What are the default clauses in partnership agreements – expulsion?
Under the PA, no majority may expel any partner (s 25 PA). Therefore, an express power to expel a ‘problem’ partner should be included in the agreement, specifying the grounds for expulsion and providing for payment of the expelled partner’s share in the partnership. There should also be provision that the partnership should continue as regards the remaining partners.
What are the default clauses in partnership agreements – payment for outgoing partner’s share?
Specific provision should be made for the following:
the remaining partners to have the option to purchase the outgoing partner’s share
valuation of the outgoing partner’s share (e.g. preparation of partnership accounts, agreement on value, or independent determination, if agreement cannot be reached)
payment of the outgoing partner’s share (e.g. payment by instalments or in a lump sum)

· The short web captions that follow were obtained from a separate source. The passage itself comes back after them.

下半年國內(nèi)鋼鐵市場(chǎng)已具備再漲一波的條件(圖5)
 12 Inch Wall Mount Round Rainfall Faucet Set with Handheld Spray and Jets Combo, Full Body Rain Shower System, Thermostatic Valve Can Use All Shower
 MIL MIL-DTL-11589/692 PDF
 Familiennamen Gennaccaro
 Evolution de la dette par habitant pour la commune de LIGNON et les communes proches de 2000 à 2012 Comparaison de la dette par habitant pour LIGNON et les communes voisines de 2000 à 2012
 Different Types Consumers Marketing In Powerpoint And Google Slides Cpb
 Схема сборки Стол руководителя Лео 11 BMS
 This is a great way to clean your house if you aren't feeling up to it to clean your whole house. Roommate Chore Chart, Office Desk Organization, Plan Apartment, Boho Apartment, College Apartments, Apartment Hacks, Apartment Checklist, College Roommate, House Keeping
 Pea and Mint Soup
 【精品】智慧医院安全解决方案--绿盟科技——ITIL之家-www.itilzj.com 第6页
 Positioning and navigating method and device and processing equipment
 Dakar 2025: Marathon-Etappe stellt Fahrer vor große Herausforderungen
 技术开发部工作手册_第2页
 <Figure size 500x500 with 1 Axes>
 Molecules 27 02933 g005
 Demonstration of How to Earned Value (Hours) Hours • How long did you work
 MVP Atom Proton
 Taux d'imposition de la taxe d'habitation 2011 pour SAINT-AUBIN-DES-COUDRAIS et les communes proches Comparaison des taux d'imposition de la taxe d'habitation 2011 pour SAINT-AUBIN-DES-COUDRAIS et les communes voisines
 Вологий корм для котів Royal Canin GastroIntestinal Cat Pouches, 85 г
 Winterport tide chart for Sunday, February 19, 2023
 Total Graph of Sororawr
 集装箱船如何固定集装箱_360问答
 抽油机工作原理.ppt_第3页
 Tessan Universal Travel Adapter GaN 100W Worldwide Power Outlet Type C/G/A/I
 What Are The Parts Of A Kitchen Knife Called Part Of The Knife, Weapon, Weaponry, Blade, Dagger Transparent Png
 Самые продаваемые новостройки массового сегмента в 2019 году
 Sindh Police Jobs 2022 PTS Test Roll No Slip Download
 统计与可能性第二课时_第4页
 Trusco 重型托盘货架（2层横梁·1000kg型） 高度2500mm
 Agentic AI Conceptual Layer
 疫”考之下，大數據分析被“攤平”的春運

dissolution, if the option to purchase is not exercised
On a full dissolution, the winding up will take place in accordance with the provisions of the partnership agreement, or s 44 of the PA.
Under s 44, the proceeds of sale are used to:
repay third party creditors
repay partner creditors
repay partners’ capital entitlements
Any balance is then divided between the partners in accordance with their profit-sharing ratios.
Partnership losses are met from:
income profits
capital
contributons made by the partners in the same proportion as their profit-sharing ratios
There may be financial advantage in selling the business as a going concern (ie a business that is still running), rather than dissolving the business. This is because there may be value in the goodwill of the business (ie the fact the business is already established, with a sound reputation and with a pre-existing client/customer base and business connections).
What are the default clauses in partnership agreements – restrictive covenants?
Consideration should be given as to whether there should be a restriction on ex-partners competing with the partnership business, approaching employees or former clients or dealing with former clients. No such covenants will be implied by the general law or through the PA, so specific provision will need to be made,
Careful drafting of any covenant is required if it so to be enforceable. The goodwill of the business is a valuable and legitimate interest to protect and the clause must be of reasonable in scope (eg in terms of duration and area). The more limited/reasonable the clause, the more likely it will be upheld.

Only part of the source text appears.